A new issue has arisen within the contract industry at large in Australia this year - the abolition of the 457 Visa for work sponsored residency. With this abolition and the replacement of it with the Medium and Long-Term Strategic Skills List (MLTSSL) or the Short-Term Skilled Occupation List (STSOL) we are seeing a huge limitation on Working Holiday Visa candidates who had the potential for growth and development in a company at the end of their 6 months work limitation by the possibility of sponsorship. This has been increasingly damaging for contractors who have only 3-4 months left on their visas and not enough points to apply for independent PR, as well as limiting companies who can no longer support the sponsorship processes.
We are continuing to support our overseas and international candidates through this drastic change, as it has definitely been the most surprising change of the past year. For candidates it now means they have to be performing at the top of their game, if given the chance to work on a six month contract, so they can highlight their worth to gain sponsorship, or look into alternative means of staying longer term, such as independently sponsored permanent residency visas.
The market overall has moved upwards very positively though, with the increase of heavy industry work across roads, transport and rail encouraging newly created project-based positions across areas of both technical and commercial finance. Additionally in the Retail and FMCG spaces, commercial strategy and finance hybrid roles are becoming popular to try and implement new and innovative marketing ideas with the presence of Amazon soon arriving in Australia. Across the board we see these hybrid commercial positions creating exciting contract opportunities, as well as Agile and Transformations projects encouraging candidates who wish to broaden their skill sets to take on new and fulfilling positions within major companies.
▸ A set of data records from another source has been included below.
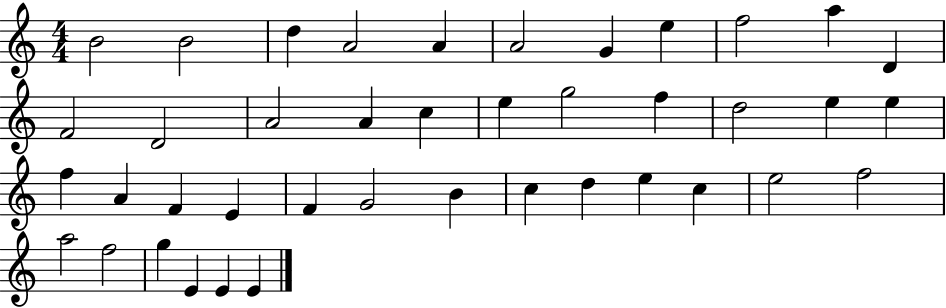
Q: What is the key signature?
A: C major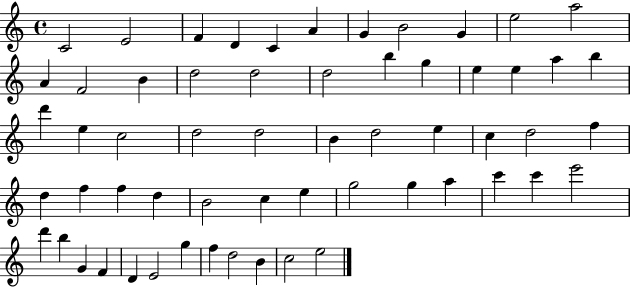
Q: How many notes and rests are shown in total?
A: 59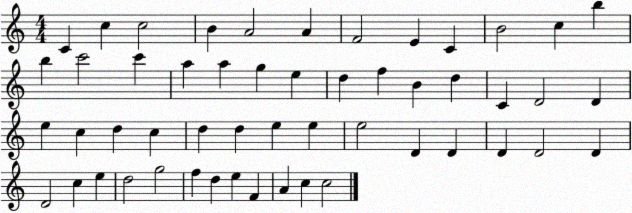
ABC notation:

X:1
T:Untitled
M:4/4
L:1/4
K:C
C c c2 B A2 A F2 E C B2 c b b c'2 c' a a g e d f B d C D2 D e c d c d d e e e2 D D D D2 D D2 c e d2 g2 f d e F A c c2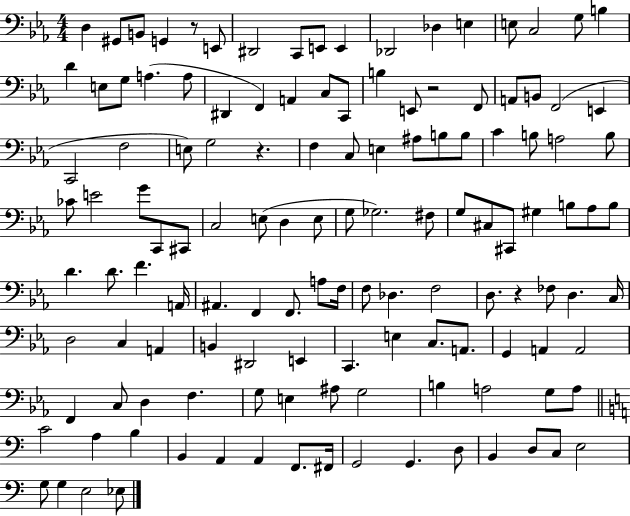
{
  \clef bass
  \numericTimeSignature
  \time 4/4
  \key ees \major
  d4 gis,8 b,8 g,4 r8 e,8 | dis,2 c,8 e,8 e,4 | des,2 des4 e4 | e8 c2 g8 b4 | \break d'4 e8 g8 a4.( a8 | dis,4 f,4) a,4 c8 c,8 | b4 e,8 r2 f,8 | a,8 b,8 f,2( e,4 | \break c,2 f2 | e8) g2 r4. | f4 c8 e4 ais8 b8 b8 | c'4 b8 a2 b8 | \break ces'8 e'2 g'8 c,8 cis,8 | c2 e8( d4 e8 | g8 ges2.) fis8 | g8 cis8 cis,8 gis4 b8 aes8 b8 | \break d'4. d'8. f'4. a,16 | ais,4. f,4 f,8. a8 f16 | f8 des4. f2 | d8. r4 fes8 d4. c16 | \break d2 c4 a,4 | b,4 dis,2 e,4 | c,4. e4 c8. a,8. | g,4 a,4 a,2 | \break f,4 c8 d4 f4. | g8 e4 ais8 g2 | b4 a2 g8 a8 | \bar "||" \break \key a \minor c'2 a4 b4 | b,4 a,4 a,4 f,8. fis,16 | g,2 g,4. d8 | b,4 d8 c8 e2 | \break g8 g4 e2 ees8 | \bar "|."
}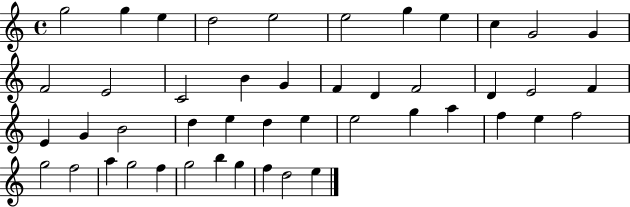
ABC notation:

X:1
T:Untitled
M:4/4
L:1/4
K:C
g2 g e d2 e2 e2 g e c G2 G F2 E2 C2 B G F D F2 D E2 F E G B2 d e d e e2 g a f e f2 g2 f2 a g2 f g2 b g f d2 e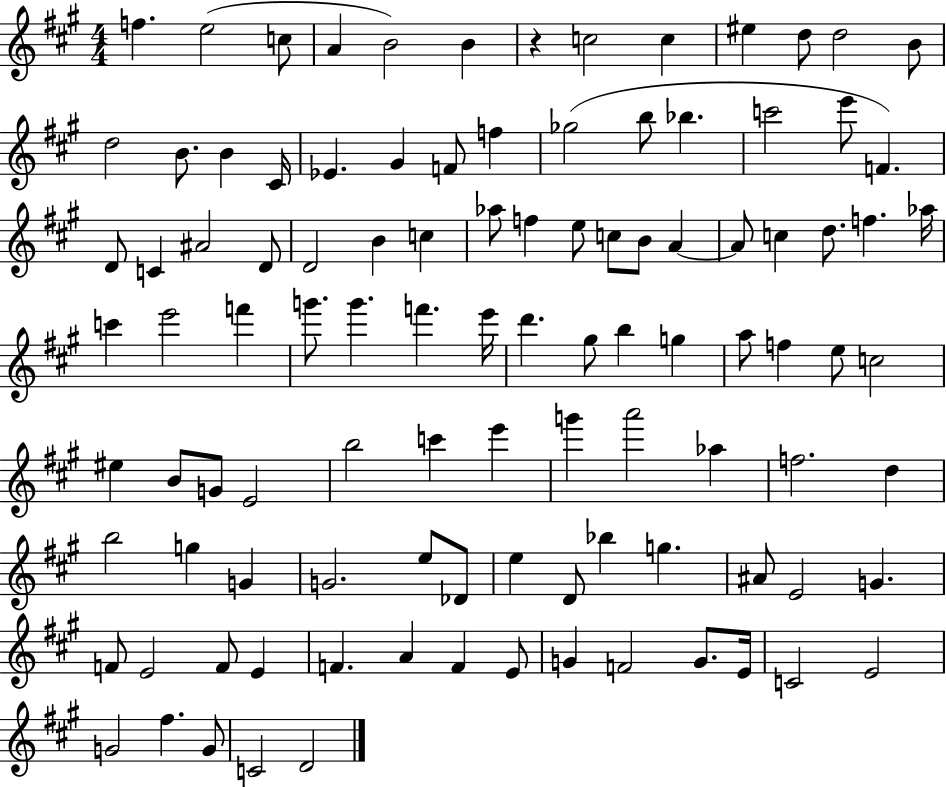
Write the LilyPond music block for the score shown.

{
  \clef treble
  \numericTimeSignature
  \time 4/4
  \key a \major
  f''4. e''2( c''8 | a'4 b'2) b'4 | r4 c''2 c''4 | eis''4 d''8 d''2 b'8 | \break d''2 b'8. b'4 cis'16 | ees'4. gis'4 f'8 f''4 | ges''2( b''8 bes''4. | c'''2 e'''8 f'4.) | \break d'8 c'4 ais'2 d'8 | d'2 b'4 c''4 | aes''8 f''4 e''8 c''8 b'8 a'4~~ | a'8 c''4 d''8. f''4. aes''16 | \break c'''4 e'''2 f'''4 | g'''8. g'''4. f'''4. e'''16 | d'''4. gis''8 b''4 g''4 | a''8 f''4 e''8 c''2 | \break eis''4 b'8 g'8 e'2 | b''2 c'''4 e'''4 | g'''4 a'''2 aes''4 | f''2. d''4 | \break b''2 g''4 g'4 | g'2. e''8 des'8 | e''4 d'8 bes''4 g''4. | ais'8 e'2 g'4. | \break f'8 e'2 f'8 e'4 | f'4. a'4 f'4 e'8 | g'4 f'2 g'8. e'16 | c'2 e'2 | \break g'2 fis''4. g'8 | c'2 d'2 | \bar "|."
}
We are still waiting for the market norm of salaries to rise suitably to fit the increased demand for stronger and more complex skill sets. What we have seen this year is that he spike in the market salaries has grown, but many companies are still insisting on benchmarking salaries for new roles from within. This is particularly tough for daily and hourly rate contractors with a higher price point than permanent candidates in similar roles. Clients are slowly being educated that these price points are raised due to their unique abilities to hit the ground running and provide varied, cutting-edge solutions. Therefore it is unfair to compare salaries to employees who have been receiving standard FTE salaries inclusive of all benefits, additional remunerations and bonuses, sick days and holiday that get accrued with it.
Salaries are predicted to rise again this year as companies begin to understand the need to pay higher daily rates to encourage retention from staff that come with a higher risk due to shorter notice periods and less lock-in than FTE staff. Overall we feel this year will be very positive and look forward to seeing how the market develops and what new ideas and roles are created across the board.